WORK REQUEST
When you reach the line containing "U-235 Suboctave Genelator 日本未発売 廃盤 U-235" in the data below, begin returning lines exactly as written, and stop once the line containing "Шар силикона перемещения" has been returned.

Items from a data source:
-- -- --

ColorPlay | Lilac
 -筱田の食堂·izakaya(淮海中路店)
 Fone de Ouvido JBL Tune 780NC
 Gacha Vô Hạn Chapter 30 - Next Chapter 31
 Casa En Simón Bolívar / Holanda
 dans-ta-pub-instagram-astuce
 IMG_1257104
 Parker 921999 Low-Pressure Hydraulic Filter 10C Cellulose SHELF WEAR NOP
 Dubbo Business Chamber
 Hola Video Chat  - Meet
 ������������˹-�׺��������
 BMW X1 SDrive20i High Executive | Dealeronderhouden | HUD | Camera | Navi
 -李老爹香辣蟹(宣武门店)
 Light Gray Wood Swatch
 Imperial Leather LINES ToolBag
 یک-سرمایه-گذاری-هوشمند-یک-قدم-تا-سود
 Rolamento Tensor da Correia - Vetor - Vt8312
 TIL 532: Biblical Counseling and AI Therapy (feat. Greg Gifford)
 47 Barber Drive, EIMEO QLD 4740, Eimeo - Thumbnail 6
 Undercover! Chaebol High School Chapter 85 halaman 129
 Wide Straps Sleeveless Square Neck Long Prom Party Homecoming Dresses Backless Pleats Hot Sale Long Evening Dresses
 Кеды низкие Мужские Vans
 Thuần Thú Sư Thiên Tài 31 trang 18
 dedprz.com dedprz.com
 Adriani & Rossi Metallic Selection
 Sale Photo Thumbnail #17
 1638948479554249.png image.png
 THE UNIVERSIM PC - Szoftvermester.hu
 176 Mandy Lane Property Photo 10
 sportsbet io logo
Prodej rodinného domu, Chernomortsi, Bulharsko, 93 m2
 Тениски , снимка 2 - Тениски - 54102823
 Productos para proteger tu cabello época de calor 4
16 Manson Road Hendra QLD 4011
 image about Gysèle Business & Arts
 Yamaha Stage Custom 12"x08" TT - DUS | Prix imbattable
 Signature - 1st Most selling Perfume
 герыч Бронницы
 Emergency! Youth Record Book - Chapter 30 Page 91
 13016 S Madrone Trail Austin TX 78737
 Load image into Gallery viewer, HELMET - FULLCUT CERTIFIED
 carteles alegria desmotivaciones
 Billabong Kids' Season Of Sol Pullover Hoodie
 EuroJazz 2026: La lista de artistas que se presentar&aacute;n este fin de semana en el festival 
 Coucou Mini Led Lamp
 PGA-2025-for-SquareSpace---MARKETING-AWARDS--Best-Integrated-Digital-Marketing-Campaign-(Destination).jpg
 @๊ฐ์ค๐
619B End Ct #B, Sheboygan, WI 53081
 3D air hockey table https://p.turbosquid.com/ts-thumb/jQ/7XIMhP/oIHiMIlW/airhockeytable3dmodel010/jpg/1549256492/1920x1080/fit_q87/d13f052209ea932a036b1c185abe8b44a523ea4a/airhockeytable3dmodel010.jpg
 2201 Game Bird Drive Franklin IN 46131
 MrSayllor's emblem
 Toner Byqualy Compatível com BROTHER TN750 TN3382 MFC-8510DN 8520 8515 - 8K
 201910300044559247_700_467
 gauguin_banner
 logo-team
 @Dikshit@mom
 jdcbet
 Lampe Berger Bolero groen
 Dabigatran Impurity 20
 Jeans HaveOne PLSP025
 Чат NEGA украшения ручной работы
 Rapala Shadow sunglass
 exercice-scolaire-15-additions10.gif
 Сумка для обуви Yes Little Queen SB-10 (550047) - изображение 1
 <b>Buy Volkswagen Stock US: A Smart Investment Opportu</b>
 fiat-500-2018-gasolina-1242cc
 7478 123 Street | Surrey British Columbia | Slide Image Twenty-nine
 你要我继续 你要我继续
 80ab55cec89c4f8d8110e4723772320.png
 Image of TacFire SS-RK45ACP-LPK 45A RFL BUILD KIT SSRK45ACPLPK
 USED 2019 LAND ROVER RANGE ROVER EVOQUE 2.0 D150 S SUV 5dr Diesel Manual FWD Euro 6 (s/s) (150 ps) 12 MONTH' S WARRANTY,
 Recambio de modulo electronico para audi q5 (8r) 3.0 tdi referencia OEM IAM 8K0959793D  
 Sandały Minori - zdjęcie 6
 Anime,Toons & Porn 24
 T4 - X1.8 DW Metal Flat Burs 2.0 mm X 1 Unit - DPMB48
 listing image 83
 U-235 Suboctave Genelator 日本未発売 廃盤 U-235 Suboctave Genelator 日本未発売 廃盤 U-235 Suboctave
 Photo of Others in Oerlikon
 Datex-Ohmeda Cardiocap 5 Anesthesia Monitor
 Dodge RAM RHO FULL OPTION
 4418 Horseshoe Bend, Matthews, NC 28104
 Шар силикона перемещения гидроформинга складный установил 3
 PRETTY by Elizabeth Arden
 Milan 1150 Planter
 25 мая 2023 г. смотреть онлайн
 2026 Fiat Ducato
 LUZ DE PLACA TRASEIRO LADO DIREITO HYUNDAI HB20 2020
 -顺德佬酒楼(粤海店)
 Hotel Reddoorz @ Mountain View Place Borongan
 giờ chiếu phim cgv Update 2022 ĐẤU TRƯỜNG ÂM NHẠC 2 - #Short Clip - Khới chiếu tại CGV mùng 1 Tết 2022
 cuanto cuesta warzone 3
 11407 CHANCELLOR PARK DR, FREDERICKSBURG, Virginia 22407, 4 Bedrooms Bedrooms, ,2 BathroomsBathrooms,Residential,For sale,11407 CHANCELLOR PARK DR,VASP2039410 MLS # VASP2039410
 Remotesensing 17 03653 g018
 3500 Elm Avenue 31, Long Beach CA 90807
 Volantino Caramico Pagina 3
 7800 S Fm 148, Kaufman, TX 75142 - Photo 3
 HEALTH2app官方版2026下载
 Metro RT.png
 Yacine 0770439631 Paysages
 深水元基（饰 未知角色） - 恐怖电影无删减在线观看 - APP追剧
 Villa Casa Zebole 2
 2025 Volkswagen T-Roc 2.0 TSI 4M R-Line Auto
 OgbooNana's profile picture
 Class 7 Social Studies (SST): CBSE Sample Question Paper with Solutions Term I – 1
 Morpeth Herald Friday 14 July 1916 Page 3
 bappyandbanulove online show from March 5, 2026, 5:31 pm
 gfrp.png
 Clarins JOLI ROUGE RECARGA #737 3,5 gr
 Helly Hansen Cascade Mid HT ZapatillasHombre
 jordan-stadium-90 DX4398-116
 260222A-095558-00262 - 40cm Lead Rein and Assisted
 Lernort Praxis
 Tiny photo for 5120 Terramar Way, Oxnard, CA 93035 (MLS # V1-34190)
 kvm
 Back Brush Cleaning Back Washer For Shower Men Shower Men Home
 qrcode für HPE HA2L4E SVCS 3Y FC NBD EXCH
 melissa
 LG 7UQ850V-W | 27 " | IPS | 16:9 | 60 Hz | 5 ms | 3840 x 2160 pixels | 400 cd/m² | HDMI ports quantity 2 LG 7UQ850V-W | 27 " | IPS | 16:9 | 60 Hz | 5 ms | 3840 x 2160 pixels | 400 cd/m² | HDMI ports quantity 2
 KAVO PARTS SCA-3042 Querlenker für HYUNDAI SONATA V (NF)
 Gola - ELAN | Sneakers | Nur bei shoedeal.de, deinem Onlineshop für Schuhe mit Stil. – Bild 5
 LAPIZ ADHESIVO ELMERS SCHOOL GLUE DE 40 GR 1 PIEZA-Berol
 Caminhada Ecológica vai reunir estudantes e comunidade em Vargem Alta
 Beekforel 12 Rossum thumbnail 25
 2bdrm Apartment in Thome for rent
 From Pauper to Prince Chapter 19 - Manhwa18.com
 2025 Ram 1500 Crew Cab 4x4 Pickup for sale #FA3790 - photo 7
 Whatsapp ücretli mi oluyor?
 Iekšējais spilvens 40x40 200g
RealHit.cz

-- -- --

SOLUTION FOR THIS TASK
 U-235 Suboctave Genelator 日本未発売 廃盤 U-235 Suboctave Genelator 日本未発売 廃盤 U-235 Suboctave
 Photo of Others in Oerlikon
 Datex-Ohmeda Cardiocap 5 Anesthesia Monitor
 Dodge RAM RHO FULL OPTION
 4418 Horseshoe Bend, Matthews, NC 28104
 Шар силикона перемещения гидроформинга складный установил 3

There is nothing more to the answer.